Eight Voices, Sixteen More Saws Each
Each Swarm runs an 8-voice oscillator that layers up to 16 additional detuned saws on top of those voices, so a single Swarm can stack as many as 24 sawtooth layers before the second Swarm engages at all. Running both Swarms together doubles that stack, giving one held note or chord access to a dense, continuously detuned sawtooth mass rather than a fixed handful of unison voices.
Each Swarm carries its own multimode filter — 2-pole or 4-pole, switchable between low-pass, band-pass, and high-pass slopes, with keytracking available — so the two Swarms can be shaped into different tonal ranges instead of sharing one filter across the whole patch.

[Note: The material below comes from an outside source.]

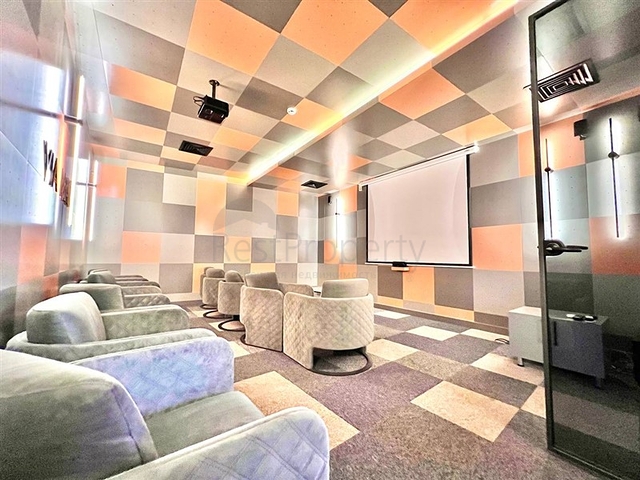 Просторий дуплекс біля моря в преміум-комплексі - для цінителів високого рівня життя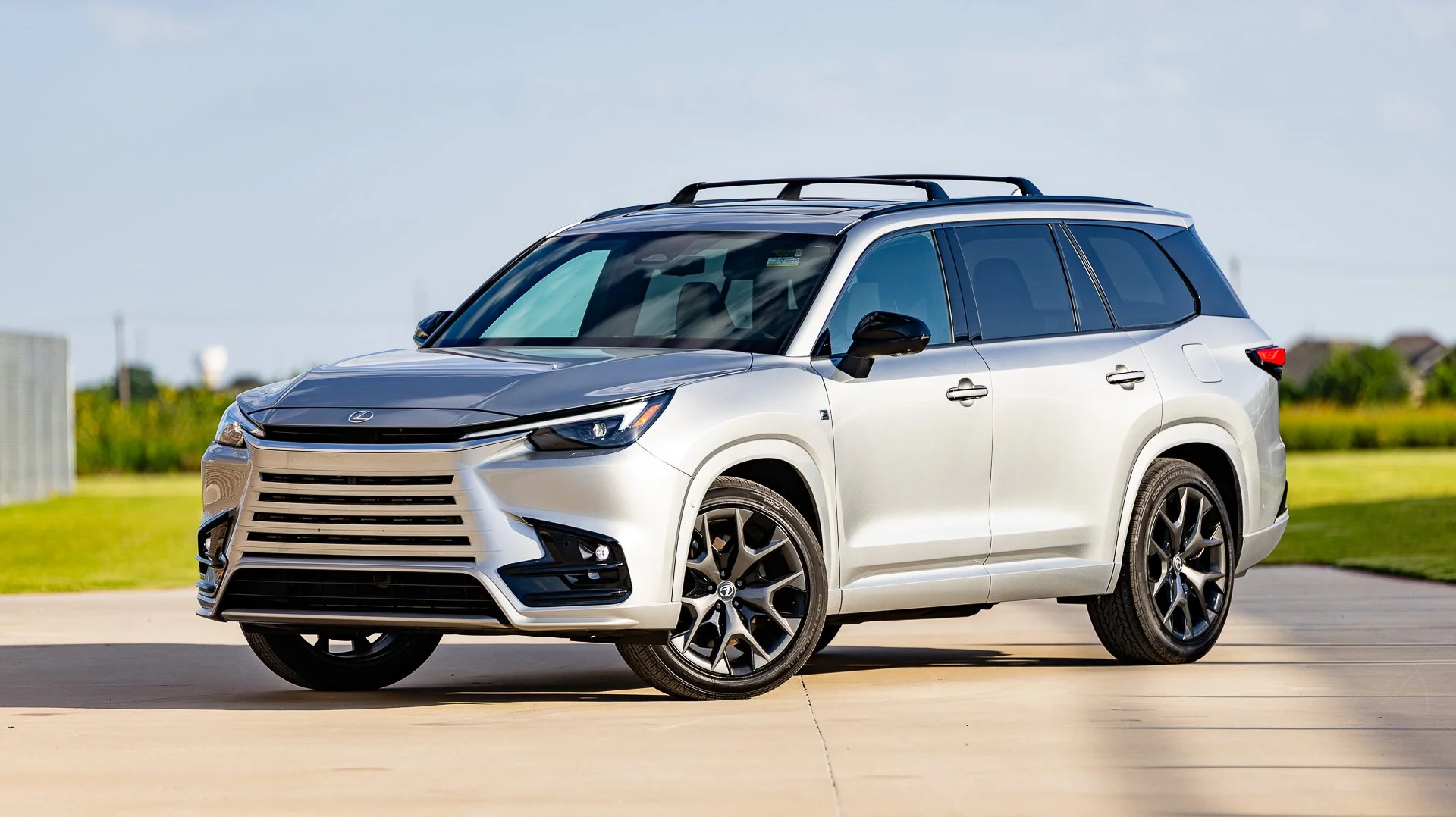 Reasons Why The 2026 Lexus TX 500h Is The Modern Day People Hauler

Polyphony runs up to eight voices, with mono, unison, and poly-unison assignment modes available alongside standard polyphonic play, so one patch can switch between a monophonic lead and a stacked unison chord without reloading a different preset.

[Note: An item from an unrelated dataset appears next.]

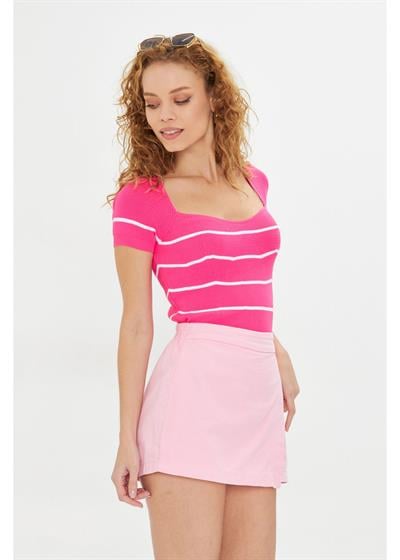 Geniş Yaka Çizgili Body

The instrument is fixed at two Swarms — there’s no third oscillator bank to add within one instance, so a layered sound built from three or more detuned stacks needs a second loaded instance instead of an additional slot in the same window. Producers building dense supersaw leads or pads from a single instance get direct use from stacking both Swarms at once; producers who only need one clean sawtooth voice per note are running the instrument well under its built-in stacking capacity.

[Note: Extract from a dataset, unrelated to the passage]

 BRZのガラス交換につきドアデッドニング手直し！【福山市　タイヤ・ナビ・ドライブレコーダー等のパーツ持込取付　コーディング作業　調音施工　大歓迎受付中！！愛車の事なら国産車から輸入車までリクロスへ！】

Corners That Blend Instead of Snap
The Morpher is a 4-corner XY pad, with each corner capable of capturing a full patch state — every oscillator, filter, envelope, and effects setting at the moment of capture. Dragging or clicking anywhere inside the pad interpolates continuously between whichever corners are nearest, rather than snapping between four fixed presets.
Interpolation between captured states runs without audible clicks or pops during the crossfade, so a live XY drag through the pad produces a continuous timbral sweep instead of a stepped transition between settings. A dice icon beneath the pad generates a new random patch state on demand, which can then be captured into any of the four corners.
Morphing through the pad replaces what would otherwise require automating each changed parameter on its own lane — a filter cutoff sweep, an envelope shape change, and an effects mix shift captured across four corners become one performer gesture instead of several separate automation lanes.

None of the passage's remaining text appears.